© JUNGE FREIHEIT Verlag GmbH & Co.  www.jungefreiheit.de    23/97  30. Mai 1997

 
 
Gerechtigkeit für Wehner
Lockerungsübungen
von Karl Heinzen

Am 9. November 1989 wurden Jahrzehnte mühevoller Deutschlandpolitiker mit einem Federstrich zunichte gemacht. Was Adenauer in sicherer Ferne wußte und daher ruhig fordern durfte, was Brandt und Schmidt aus der Gediegenheit der 70er Jahre bespöttelten und Helmut Kohl als Vollender ihrer Politik ins Reich der ungemütlichen Träume verwiesen, wurde an diesem Abend durch ein schüchternes Daherstammeln von Günter Schabowski auf den Weg gebracht: die deutsche Einheit. Der Deutsche Bundestag erhob sich ob dieser Meldung spontan und sang sich die Überraschung mit der Nationalhymne von der Seele. Dieses Singspiel war weniger ein Akt des Exorzismus als eine Kapitulation: Alle Versuche, den Frieden durch die Aufrechterhaltung des alten Status quo zu wahren, wurden an diesem Abend begraben. Seither wahrt man ihn durch die Aufrechterhaltung eines neuen Status quo.

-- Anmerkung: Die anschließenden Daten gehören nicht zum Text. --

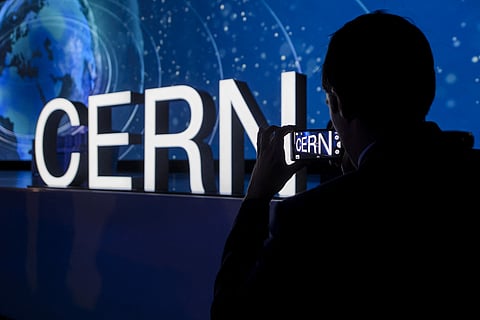 CERN logo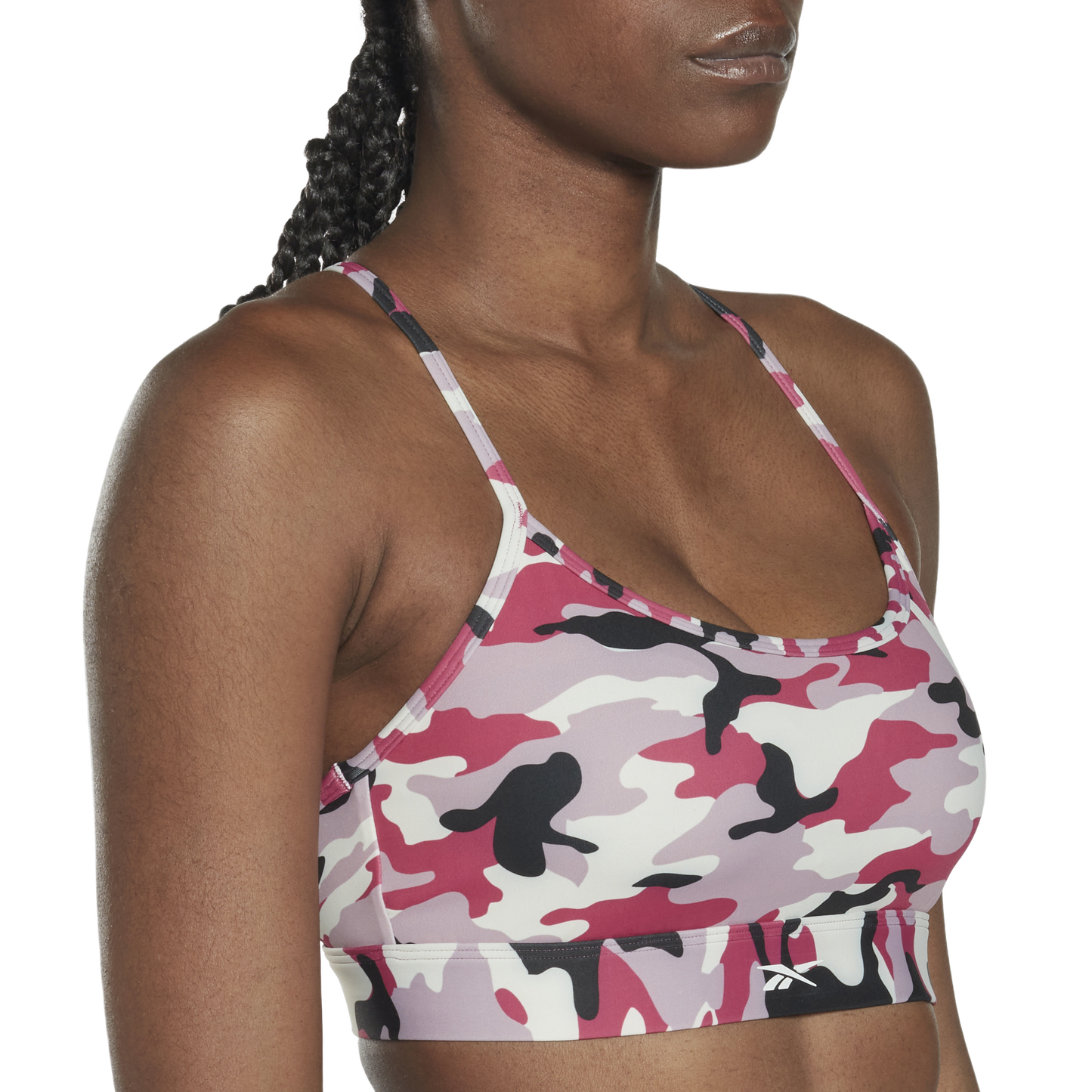 REEBOK TS Lux Skinny TOP - MEDIUM IMPACT BY140-HP1359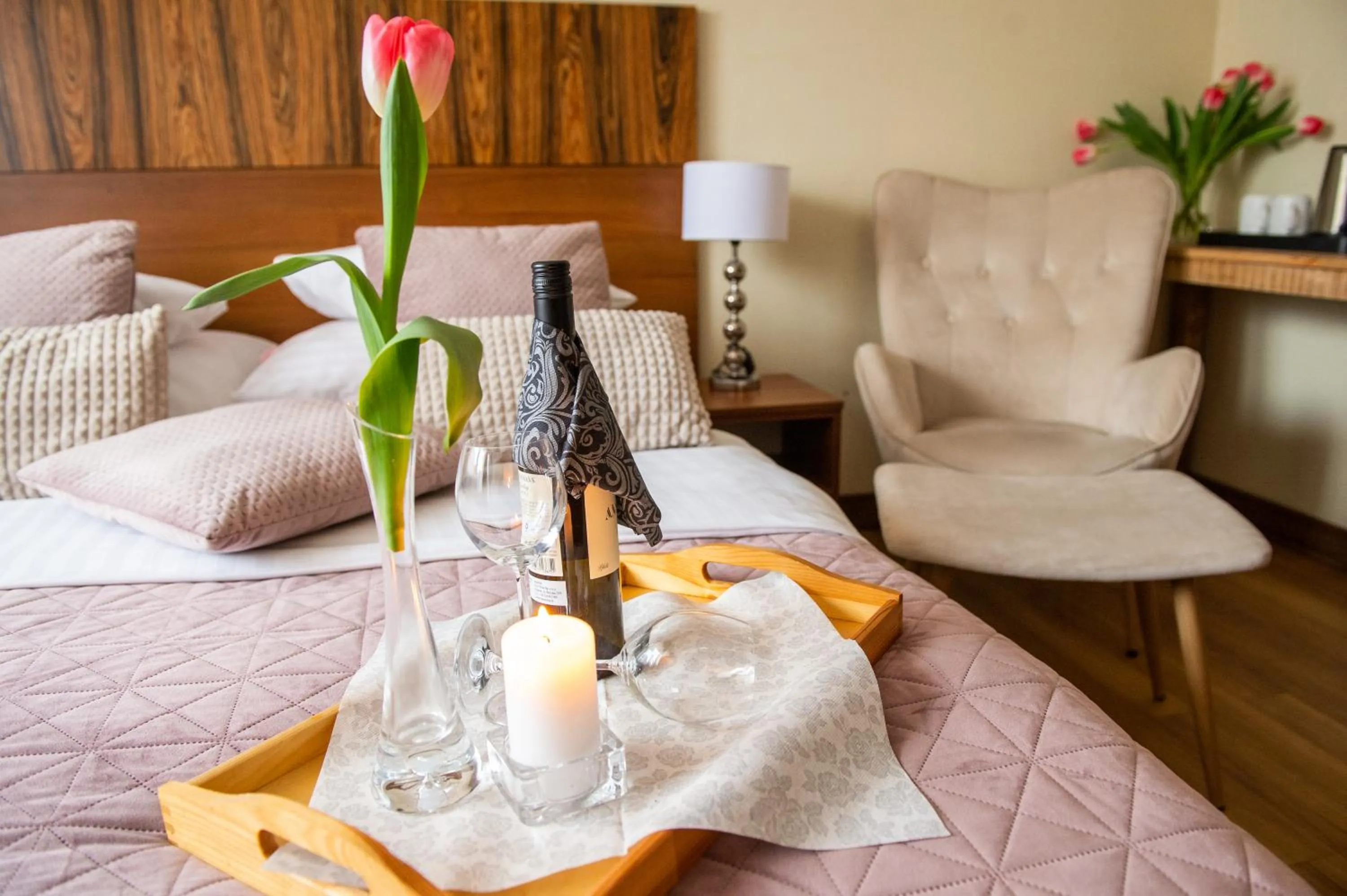 Photo of the whole room, Bed in Hotel Ostaniec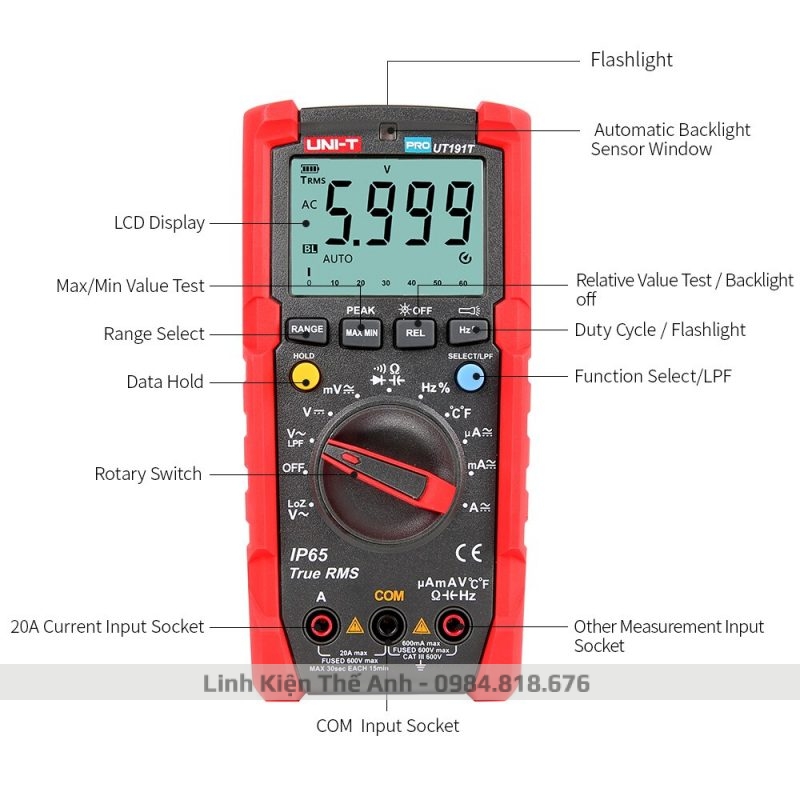 LINH KIỆN THẾ ANH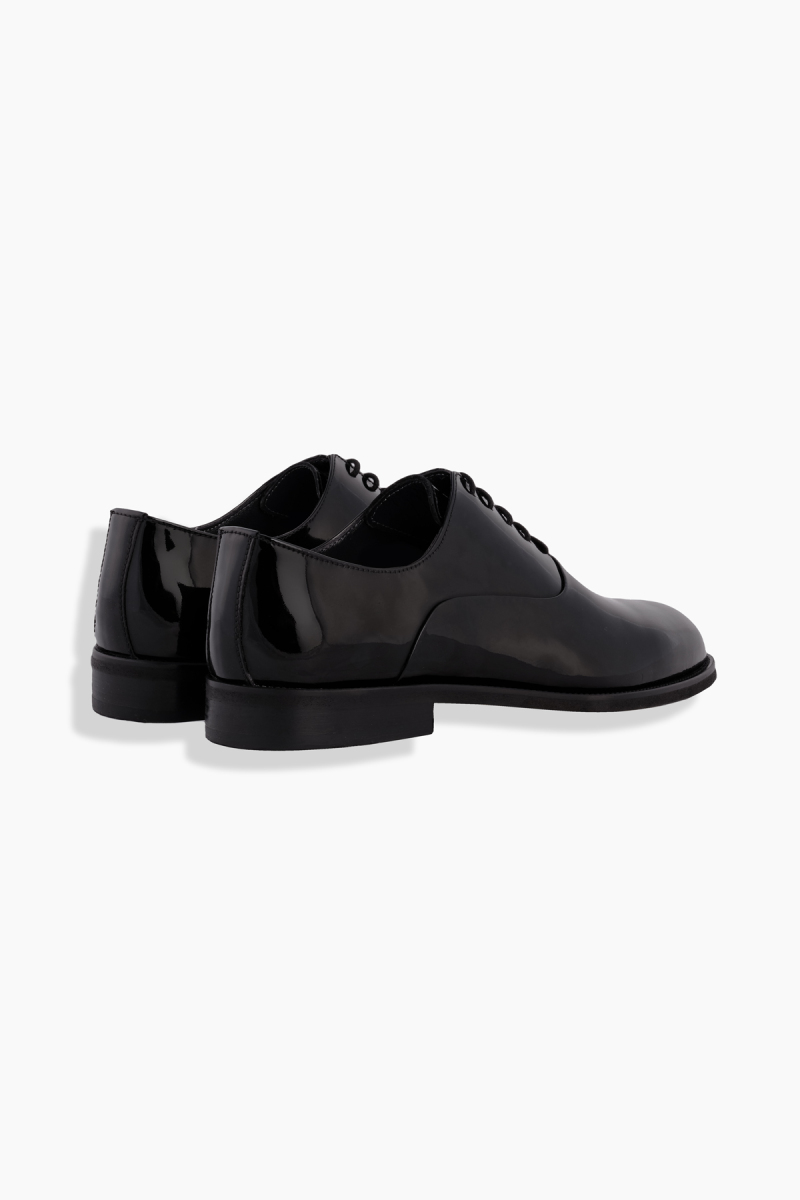 Deri Siyah Ayakkabı - 3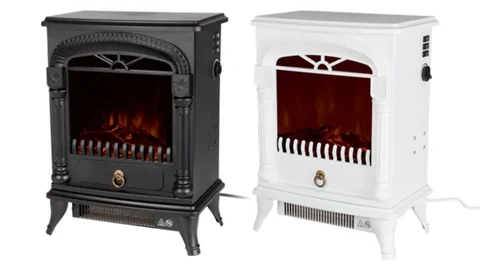 Chimenea eléctrica de Lidl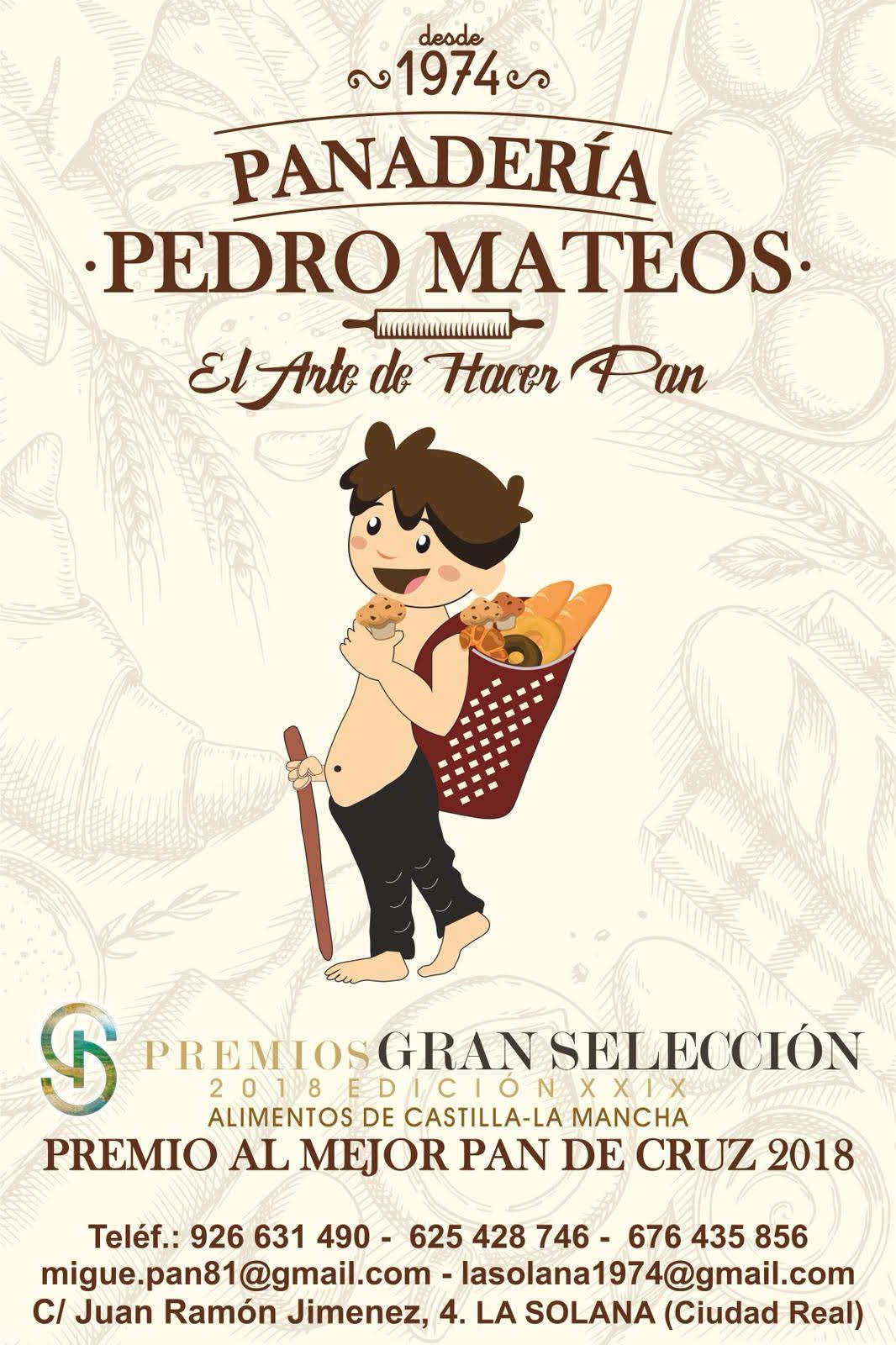 Panadería Pedro Mateos en La Solana | Deliciosos panes y dulces para  deleitarte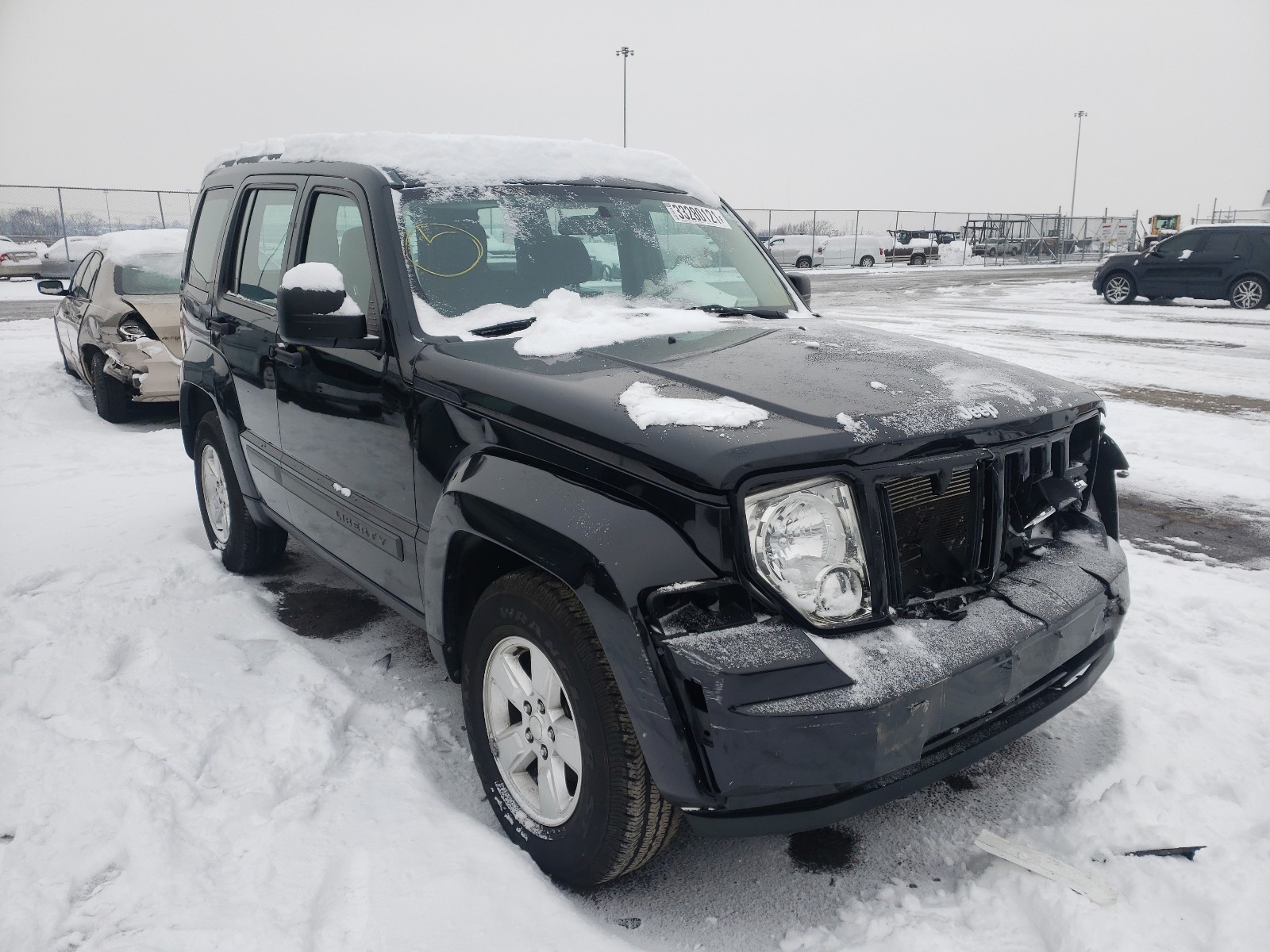 JEEP LIBERTY SP 2012 1c4pjmak6cw105176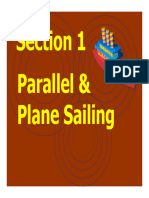 2-Plane & Merc Sailing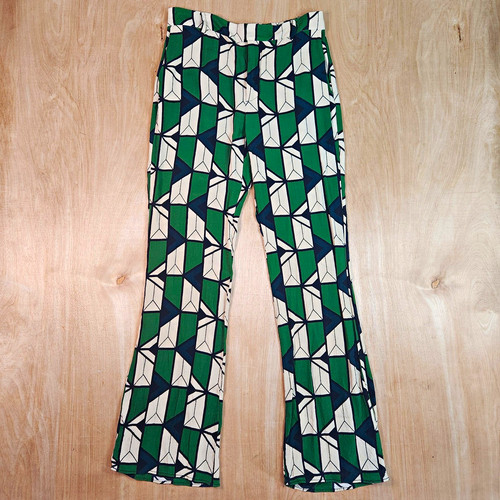 Pantalone donna zara verde - pantalone,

Die Bundesrepublik hat diese schwerste Krise ihrer Geschichte glänzend überstanden. Bog man vor 1989 das vorgebliche Staatsziel der Wiedervereinigung so hin, daß die jeweils aktuelle Politik stets paßte, so legt man sich heute die Interpretation der einstigen Politik so zurecht, daß sie stets in das Faktum der Einheit mündet, ja münden mußte. Das Ergebnis ist bestechend: Wer gegen die Einheit war, behielt recht, auch als diese nicht mehr zu verhindern war. Eine Beschädigung der politischen Kultur unseres Landes wurde dadurch abgewendet, ein Stück Nachkriegszeit in die neue Ära gerettet. Einzig die PDS steht ein wenig schlechter da als einst die SED: Sie wird nicht mehr von gleich zu gleich behandelt. Aber auch dies ist ungleich besser, als für diesen für sie schlimmsten denkbaren Fall zu befürchten war.

Das Wohlgefühl der Repräsentanten unseres Volkes, mit sich selbst im Reinen zu sein, wird nun aber immer wieder durch Wahrheitsfanatiker beeinträchtigt, welche Tatsachen auf den Tisch legen, die zu unterstellen die damaligen Zeitgenossen aus gutem Grund dem Verdikt des Rechtsradikalismus aussetzte. War Herbert Wehner ein Agent – und sei es auch nur ein Einflußagent? Diese Fragestellung verkennt, daß Wehners Loyalität einer Vision und nicht der SPD oder der Bundesrepublik galt. Sie würdigt nicht seine geistige Unabhänigkeit, die DDR nicht durch die Denkschablonen des Kalten Krieges, jedenfalls nicht die Denkschablonen des Westens zu sehen. Und sie mißachtet sein sensibles Gespür dafür, was den Westdeutschen zugemutet werden durfte. Die Union konnte in ihrer eigenen Konspiration mit der SED gar nicht anders, als in seine Fußstapfen zu treten. Schon 1975 klärte Walter Leisler Kiep den SED-Deutschlandpolitiker Häber darüber auf, daß ein Unterschied in den Erklärungen der CDU und ihrer praktischen Politik unvermeidlich sei. Auch insofern steht die neue Bundesrepublik in bewährter Kontinuität zur alten.